Now, on returning to our soap-bubbles, you may remember that I stated that the catenoid and the plane were the only figures of revolution which had no curvature, and which therefore produced no pressure. There are plenty of other surfaces which are apparently curved in all directions and yet have no curvature, and which therefore produce no pressure; but these are not figures of revolution, that is, they cannot be obtained by simply spinning a curved line about an axis. These may be produced in any quantity by making wire frames of various shapes and dipping them in soap and water. On taking them out a wonderful variety of surfaces of no curvature will be seen. One such surface is that known as the screw-surface. To produce this it is only necessary to take a piece of wire wound a few times in an open helix (commonly called spiral), and to bend the two ends so as to meet a second wire passing down the centre. The screw-surface developed by dipping this frame in soap-water is well worth seeing (Fig. 49). It is impossible to give any idea of the perfection of the form in a figure, but fortunately this is an experiment which any one can easily perform.

Fig. 50.

Then again, if a wire frame is made in the shape of the edges of any of the regular geometrical solids, very beautiful figures will be found upon them after they have been dipped in soap-water. In the case of the triangular prism these surfaces are all flat, and at the edges where these planes meet one another there are always three meeting each other at equal angles (Fig. 50). This, owing to the fact that the frame is three-sided, is not surprising. After looking at this three-sided frame with three films meeting down the central line, you might expect that with a four-sided or square frame there would be four films meeting each other in a line down the middle. But it is a curious thing that it does not matter how irregular the frame may be, or how complicated a mass of froth may be, there can never be more than three films meeting in an edge, or more than four edges, or six films, meeting in a point. Moreover the films and edges can only meet one another at equal angles. If for a moment by any accident four films do meet in the same edge, or if the angles are not exactly equal, then the form, whatever it may be, is unstable; it cannot last, but the films slide over one another and never rest until they have settled down into a position in which the conditions of stability are fulfilled. This may be illustrated by a very simple experiment which you can easily try at home, and which you can now see projected upon the screen. There are two pieces of window-glass about half an inch apart, which form the sides of a sort of box into which some soap and water have been poured. On blowing through a pipe which is immersed in the water, a great number of bubbles are formed between the plates. If the bubbles are all large enough to reach across from one plate to the other, you will at once see that there are nowhere more than three films meeting one another, and where they meet the angles are all equal. The curvature of the bubbles makes it difficult to see at first that the angles really are all alike, but if you only look at a very short piece close to where they meet, and so avoid being bewildered by the curvature, you will see that what I have said is true. You will also see, if you are quick, that when the bubbles are blown, sometimes four for a moment do meet, but that then the films at once slide over one another and settle down into their only possible position of rest (Fig. 51).

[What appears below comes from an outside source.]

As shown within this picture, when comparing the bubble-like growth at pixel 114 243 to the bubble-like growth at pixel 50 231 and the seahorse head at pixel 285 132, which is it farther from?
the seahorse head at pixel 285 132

The air inside a bubble is generally under pressure, which is produced by its elasticity and curvature. If the bubble would let the air pass through it from one side to the other of course it would soon shut up, as it did when a ring was hung upon one, and the film within the ring was broken. But there are no holes in a bubble, and so you would expect that a gas like air could not pass through to the other side. Nevertheless it is a fact that gases can slowly get through to the other side, and in the case of certain vapours the process is far more rapid than any one would think possible.

Fig. 51.

Fig. 52.

Ether produces a vapour which is very heavy, and which also burns very easily. This vapour can get to the other side of a bubble almost at once. I shall pour a little ether upon blotting-paper in this bell jar, and fill the jar with its heavy vapour. You can see that the jar is filled with something, not by looking at it, for it appears empty, but by looking at its shadow on the screen. Now I tilt it gently to one side, and you see something pouring out of it, which is the vapour of ether. It is easy to show that this is heavy; it is only necessary to drop into the jar a bubble, and so soon as the bubble meets the heavy vapour it stops falling and remains floating upon the surface as a cork does upon water (Fig. 52). Now let me test the bubble and see whether any of the vapour has passed to the inside. I pick it up out of the jar with a wire ring and carry it to a light, and at once there is a burst of flame. But this is not sufficient to show that the ether vapour has passed to the inside, because it might have condensed in sufficient quantity upon the bubble to make it inflammable. You remember that when I poured some of this vapour upon water in the first lecture, sufficient condensed to so weaken the water-skin that the frame of wire could get through to the other side. However, I can see whether this is the true explanation or not by blowing a bubble on a wide pipe, and holding it in the vapour for a moment. Now on removing it you notice that the bubble hangs like a heavy drop; it has lost the perfect roundness that it had at first, and this looks as if the vapour had found its way in, but this is made certain by bringing a light to the mouth of the tube, when the vapour, forced out by the elasticity of the bubble, catches fire and burns with a flame five or six inches long (Fig. 53). You might also have noticed that when the bubble was removed, the vapour inside it began to pass out again and fell away in a heavy stream, but this you could only see by looking at the shadow upon the screen.